Return the entries below verbatim. Pictures stay out.

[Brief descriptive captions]
━━━━

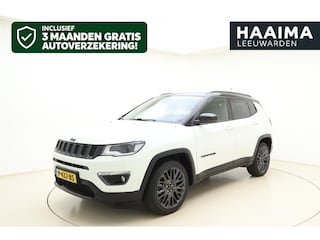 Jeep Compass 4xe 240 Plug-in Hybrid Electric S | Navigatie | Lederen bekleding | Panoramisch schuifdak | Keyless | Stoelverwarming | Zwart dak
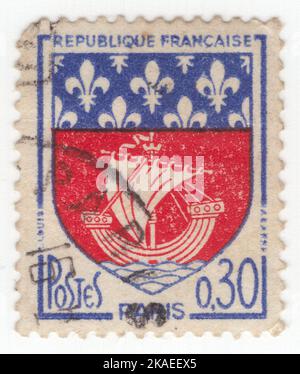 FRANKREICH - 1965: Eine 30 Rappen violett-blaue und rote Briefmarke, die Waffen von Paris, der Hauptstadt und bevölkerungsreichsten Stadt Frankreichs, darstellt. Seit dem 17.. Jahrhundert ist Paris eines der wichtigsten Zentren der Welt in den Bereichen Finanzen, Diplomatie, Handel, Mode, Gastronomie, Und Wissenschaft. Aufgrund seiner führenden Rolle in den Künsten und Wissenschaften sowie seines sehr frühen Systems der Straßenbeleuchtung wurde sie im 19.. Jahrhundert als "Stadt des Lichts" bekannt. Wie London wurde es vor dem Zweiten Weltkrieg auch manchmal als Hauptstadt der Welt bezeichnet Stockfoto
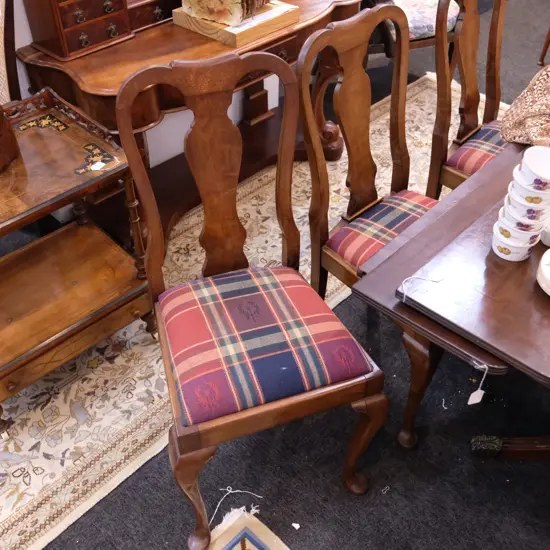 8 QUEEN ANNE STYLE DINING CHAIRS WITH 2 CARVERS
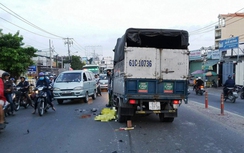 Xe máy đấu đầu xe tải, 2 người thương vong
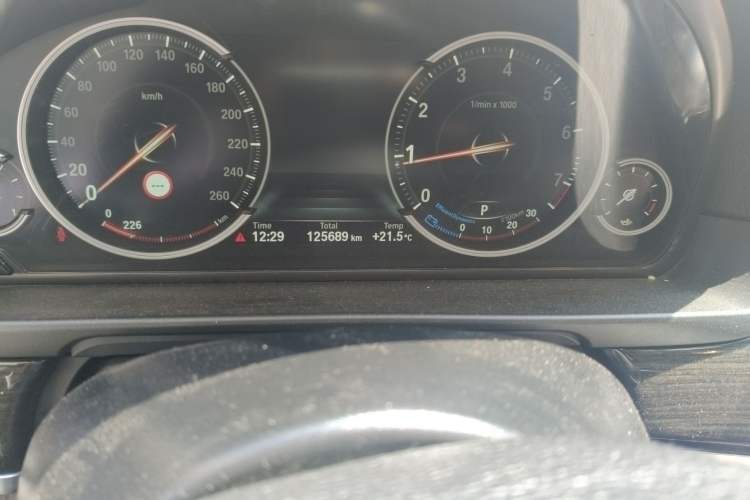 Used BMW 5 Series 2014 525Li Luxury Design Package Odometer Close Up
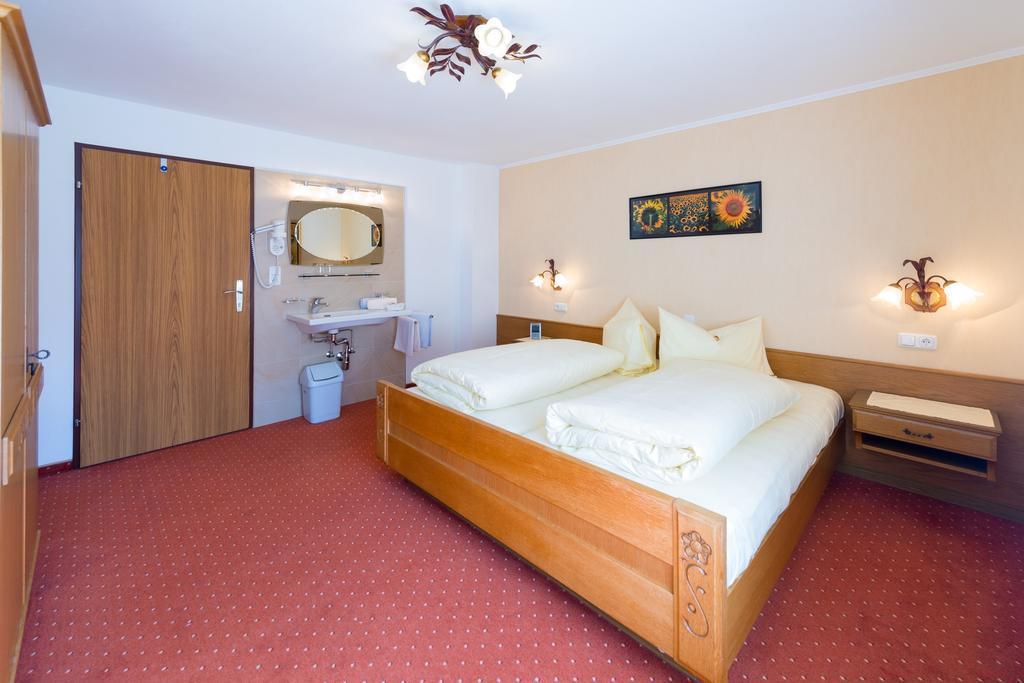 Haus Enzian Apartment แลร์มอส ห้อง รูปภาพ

━━━━

ANSWER TO THIS PROBLEM:
 Jeep Compass 4xe 240 Plug-in Hybrid Electric S | Navigatie | Lederen bekleding | Panoramisch schuifdak | Keyless | Stoelverwarming | Zwart dak
 FRANKREICH - 1965: Eine 30 Rappen violett-blaue und rote Briefmarke, die Waffen von Paris, der Hauptstadt und bevölkerungsreichsten Stadt Frankreichs, darstellt. Seit dem 17.. Jahrhundert ist Paris eines der wichtigsten Zentren der Welt in den Bereichen Finanzen, Diplomatie, Handel, Mode, Gastronomie, Und Wissenschaft. Aufgrund seiner führenden Rolle in den Künsten und Wissenschaften sowie seines sehr frühen Systems der Straßenbeleuchtung wurde sie im 19.. Jahrhundert als "Stadt des Lichts" bekannt. Wie London wurde es vor dem Zweiten Weltkrieg auch manchmal als Hauptstadt der Welt bezeichnet Stockfoto
 8 QUEEN ANNE STYLE DINING CHAIRS WITH 2 CARVERS
 Xe máy đấu đầu xe tải, 2 người thương vong
 Used BMW 5 Series 2014 525Li Luxury Design Package Odometer Close Up
 Haus Enzian Apartment แลร์มอส ห้อง รูปภาพ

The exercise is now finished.